Darkness had fallen and the city was some miles distant. The doctor called a sinister-looking native, attired in a single garment that reached his knees, and ordered him to guide me to the town. We set off through the night, heavy with the smell of oranges, along a narrow road, six inches deep in the softest mud. At the outskirts of the city the native halted and addressed me in Arabic. I shook my head. Like most uneducated Orientals, he was of the opinion that, if a full-grown Frank could not understand language intelligible to the smallest child of his acquaintance, it was through some fault of his hearing. He put the question again and again, louder and more rapidly with every repetition. I let him bellow until breath failed him and he gave up and splashed on. He halted once more in a square, reeking with mud, in the center of the city, and burst forth in a greater vehemence of incoherency than before.
“Ingleesee?” he shrieked with his last gasp.
“No,” I answered, comprehending this one word, “Americano.”
“Ha!” shouted the Arab, “Americano?” and he began his bellowing once more. Evidently he was attempting to explain something about my fellow countrymen, for the word “americano” was often repeated. Exhausted once more, he struck off to the southward.
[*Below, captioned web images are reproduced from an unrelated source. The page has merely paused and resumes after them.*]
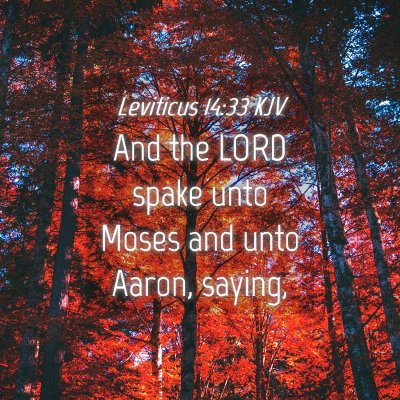Picture 04 - Leviticus 14:33 KJV - And the LORD spake unto Moses and unto Aaron, - Bible Verse Picture
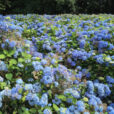 Hortensia Bleu Mioulane NewsJardinTV Jardimiou IMG 5569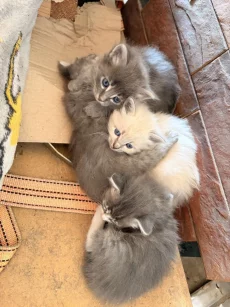 Котята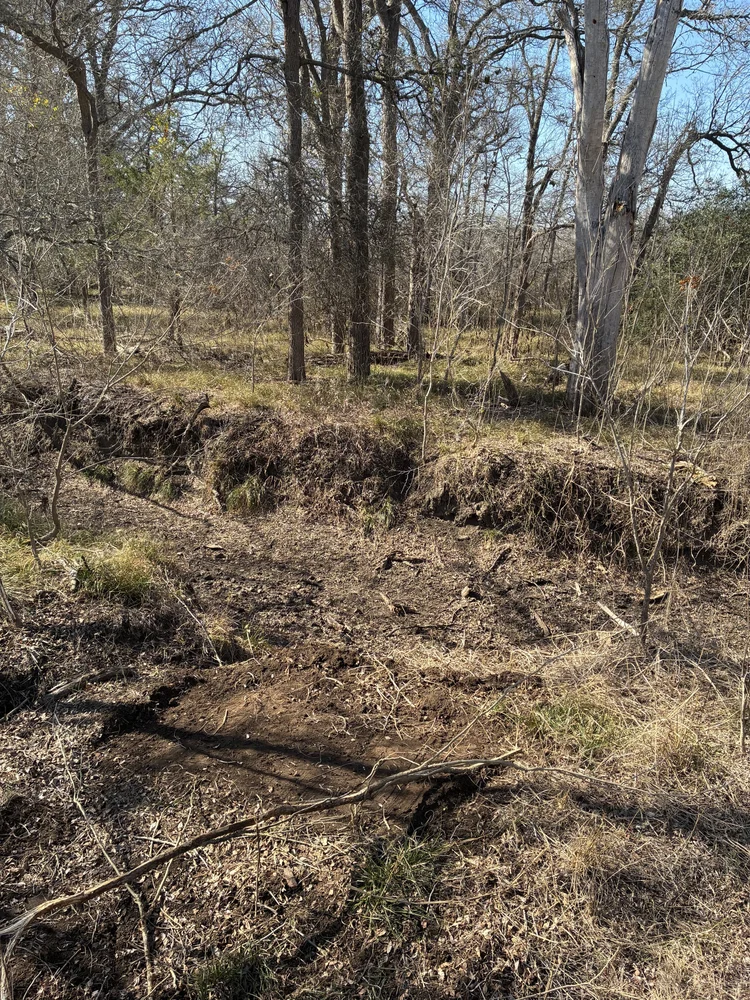 Wooded creek area before road work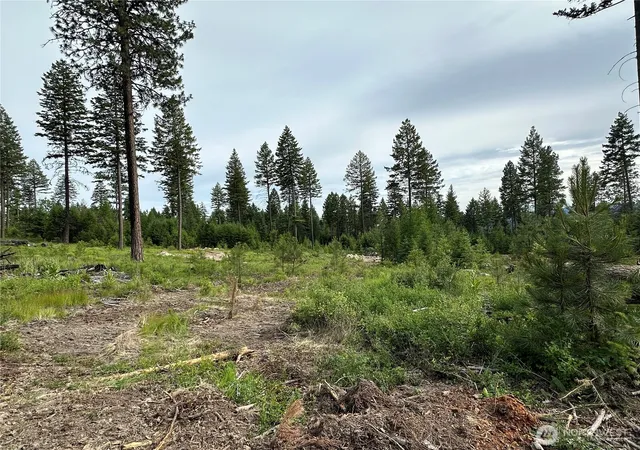 Photo 3 of Land for sale at 3600 Lot A Sheridan, Republic, WA 99166 | MLS# NWM2564028 | Listing updated on 2026-09-23
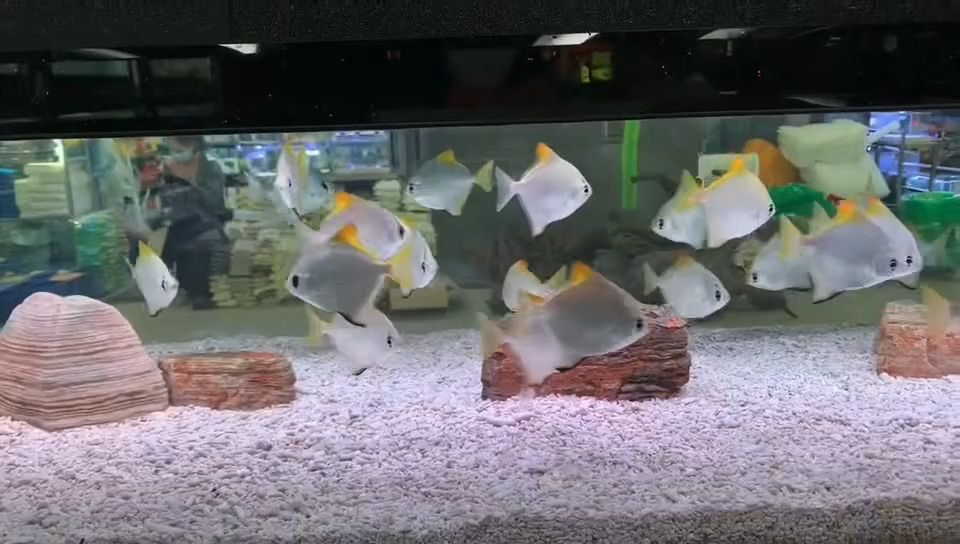 黃鰭鯧苗。紅眼，黑眼戰船苗，鉛筆苗，黃鰭鯧苗，銀龍...：黃鰭鯧苗在養殖過程中表現出較高的適應性和生長潛力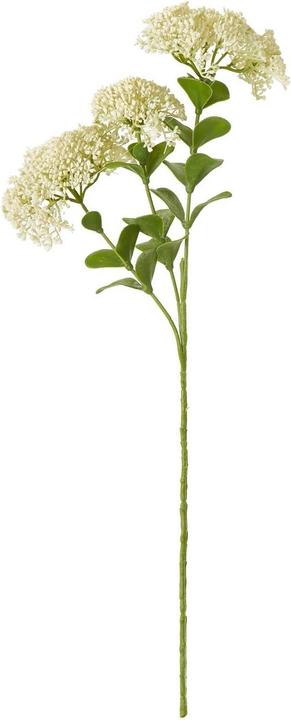 Immagine prodotto Hill Interiors Sedum Spray Fiore Artificiale (58 cm)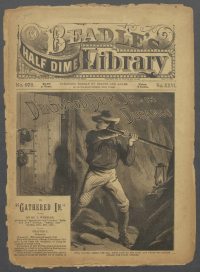 Large Thumbnail For Beadle's Half Dime Library 672 - Deadwood Dick Jr. in Durango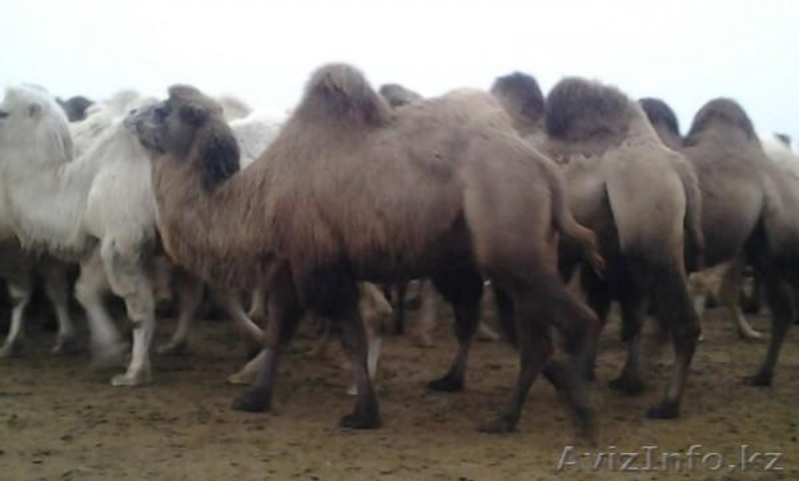 Продаем двугорбых верблюдов - Изображение #3, Объявление #825328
I shouted “hotel” and “inn” in every language I could muster, but after a few mumbles he fell silent and only the splash of our feet in the muddy roadway attended our progress. We left the city behind, but still the Arab plodded steadily and silently southward. Many a quartermaster’s story of white men led into Mussulman traps passed through my mind. Far out among the orange groves of the suburbs he turned into a small garden and pointed to a lighted sign above the portal of the building among the trees. It announced the American consulate. Not knowing what else to do with a Frank who did not understand the loudest Arabic, the native had led me to the only man in Beirut to whom he had heard the term “americano” applied.
When I had paid my bill next morning in the French pension to which I had been directed, my worldly wealth was reduced to one English sovereign. I turned in at the office of Cook and Son and, tossing the piece to the native clerk, asked him to change it into coin of the realm, of small denomination. He turned the sovereign over several times, bit it, laid it carefully away, and set to pulling out boxes and drawers and dumping the coins they contained on the counter before me. There were pieces of copper, pieces of silver, pieces of bronze, tin, iron, nickel, zinc; coins half the size of a dime, coins that looked like tobacco tags, coins big enough with which to fell an ox, coins with holes in them, coins bent double, saucer-shaped coins, coins that had been scalloped around the edge by some erstwhile possessor of artistic temperament and hours of leisure; and still the clerk continued to pour out coins until I felt in duty bound, as a tolerably honest member of society, to call a halt.